As of early this week, more than 50 wolves have been killed in Wyoming since the state took over their management Oct. 1. Of that number, Wyoming hunters have killed a few dozen wolves in a designated trophy hunting zone outside Yellowstone National Park, while most of the rest have been killed in other areas of the state where wolves are unprotected.
"The current hunting regulations and wolf management policy in Wyoming that basically leaves wolves vulnerable in 85 percent of the state year-round, I think are almost a dereliction of duty, or a form of negligence on the part of the state in terms of wolf management," said Duane Short, wild species program director at the Biodiversity Conservation Alliance in Laramie.
The groups that filed Tuesday's lawsuit are Alliance for the Wild Rockies, Biodiversity Conservation Alliance, Conservation Congress, Friends of Animals, Friends of the Clearwater, National Wolfwatcher Coalition, Western Watersheds Project and WildEarth Guardians.
Steve Segin, spokesman for the Fish and Wildlife Service in Colorado, said Tuesday the agency had no comment on pending litigation.

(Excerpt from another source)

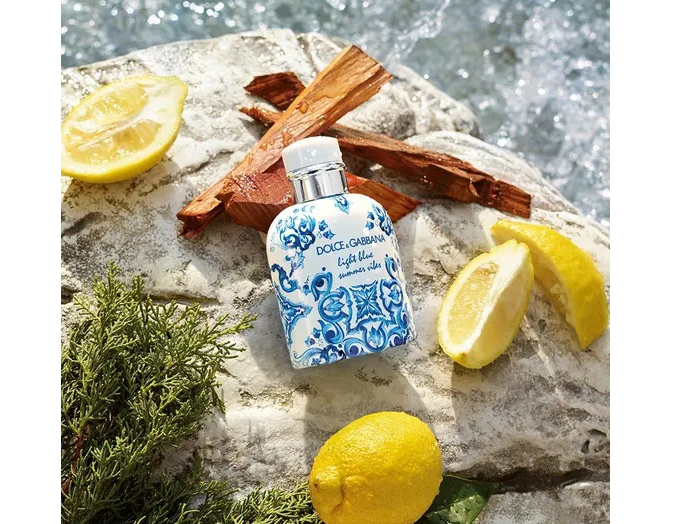 Dolce & Gabbana Blue Blue Vibes Bottle de perfume con limones y madera.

Wyoming has committed to maintaining at least 10 breeding pairs of wolves and at least 100 individual animals outside of Yellowstone and the Wind River Indian Reservation, in the central part of the state. Wildlife managers estimated there were roughly 300 wolves outside of Yellowstone, where no hunting is allowed, when the state took over.
Wolves were largely killed off in the West by early last century. The federal government reintroduced wolves to Yellowstone in the mid-1990s. Wyoming has fought for years to gain management of the wolves, which some hunters and ranchers in the state believe take an unacceptable toll on other game and livestock.

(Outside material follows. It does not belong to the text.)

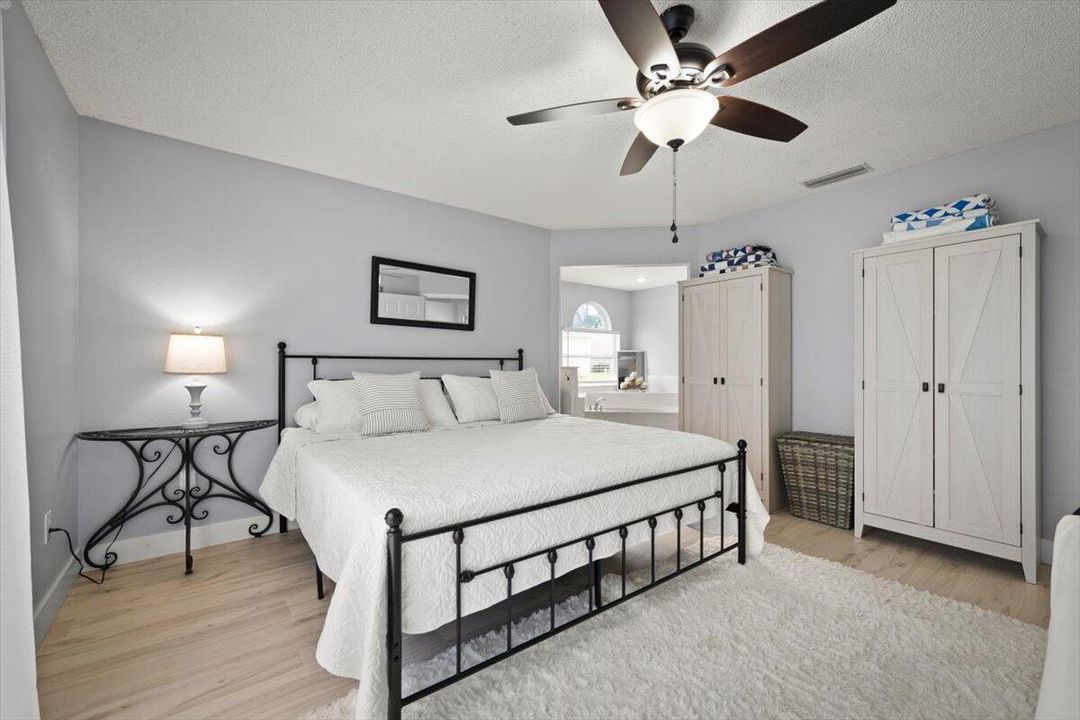 Activo con contrato: $429,900 (3 camas, 2 baños, 2370 Pies cuadrados)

Montana and Idaho gained control of their own wolf populations earlier than Wyoming, and both have allowed hunting. Although Congress has acted to bar lawsuits challenging wolf delisting in Montana and Idaho, it hasn't granted Wyoming similar protection.
Tuesday's lawsuit follows a federal suit filed by another coalition earlier this month in Washington, D.C. Both suits seek to force the Fish and Wildlife Service to rescind its transfer of wolf management authority to Wyoming and protect them again under the federal Endangered Species Act.

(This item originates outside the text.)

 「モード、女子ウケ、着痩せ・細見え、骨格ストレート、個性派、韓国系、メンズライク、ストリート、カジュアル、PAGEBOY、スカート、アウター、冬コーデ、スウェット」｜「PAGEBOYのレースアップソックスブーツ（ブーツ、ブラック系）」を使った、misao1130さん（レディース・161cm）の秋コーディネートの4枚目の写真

Both lawsuits also generally charge that Wyoming's approach to wolf management won't allow wolves to expand their numbers substantially beyond the borders of Yellowstone, where hunting is prohibited. The groups maintain that the Wyoming wolves won't be free to mingle with other wolf populations, making their prospects for long term survival dim.
"After delisting, the wolf population will no longer be growing and will likely be reduced to a lower level," the lawsuit filed Tuesday claims. "State management will also likely result in higher mortality rates for both dispersing wolves and resident wolves."
The federal government has sought to have the first lawsuit filed in Washington, D.C., this month moved to Wyoming. In papers filed last week, lawyers for Fish and Wildlife Service say a Wyoming court would be more appropriate in hearing the case.
Wyoming Gov. Matt Mead has said he's confident the state's plan offers adequate protection for wolves. He has emphasized that after pushing for years to get state control of wolves, the state has no interest in seeing the population fall low enough to trigger a return to federal control.
Renny MacKay, spokesman for Mead, said Tuesday the governor believes both lawsuits challenging wolf delisting should be filed in Wyoming.
"This lawsuit really is about Wyoming and what happens in Wyoming and the lawsuit, the arguments and the decision should take place in Wyoming, not in Washington, D.C., or Denver, Colo.," MacKay said Tuesday.